* WORK TO COMPLETE *
Could you reproduce, from the records below, everything from the line with "Solaray Barne-Multi tyggevit." down to the line with "24V 2-Seater Ride-On", keeping both of those lines and changing nothing?

* TASK MATERIAL *
════════════════════

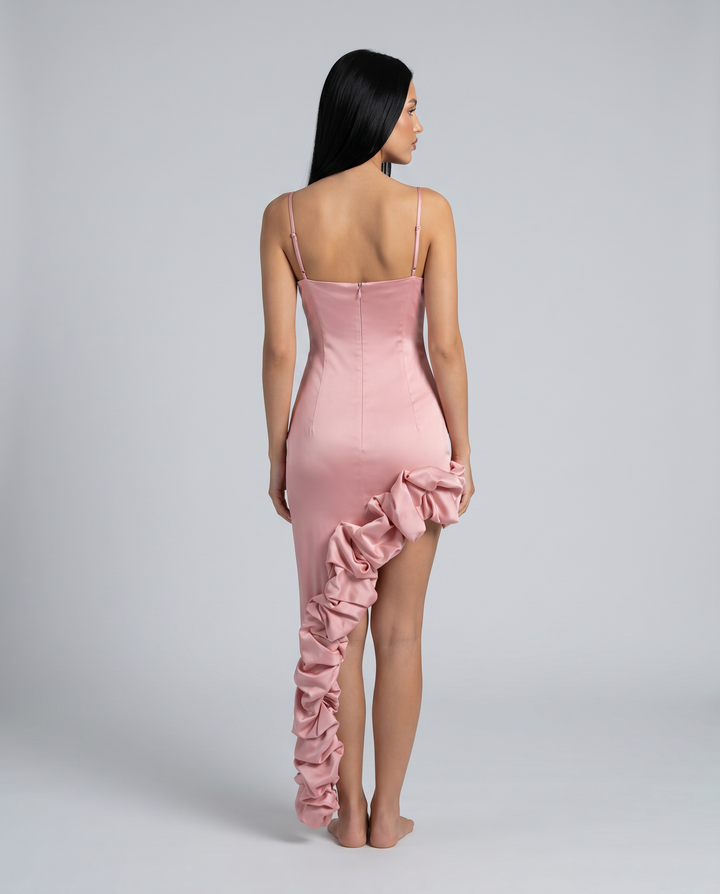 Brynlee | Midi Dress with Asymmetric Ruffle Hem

════════════════════

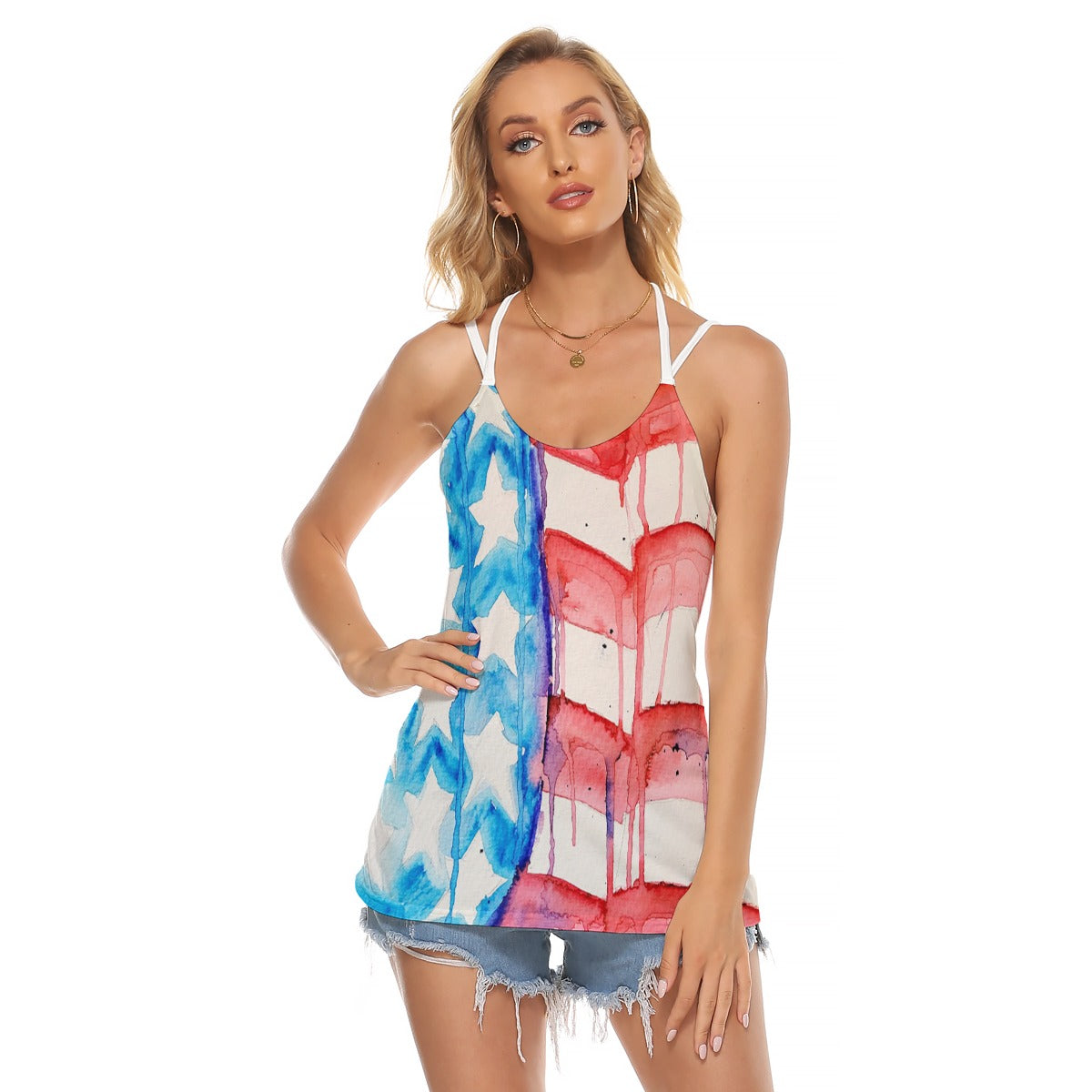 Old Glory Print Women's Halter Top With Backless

════════════════════

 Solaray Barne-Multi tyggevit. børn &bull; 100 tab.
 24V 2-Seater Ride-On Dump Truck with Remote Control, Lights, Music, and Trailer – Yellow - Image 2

════════════════════

* SOLUTION *
 Solaray Barne-Multi tyggevit. børn &bull; 100 tab.
 24V 2-Seater Ride-On Dump Truck with Remote Control, Lights, Music, and Trailer – Yellow - Image 2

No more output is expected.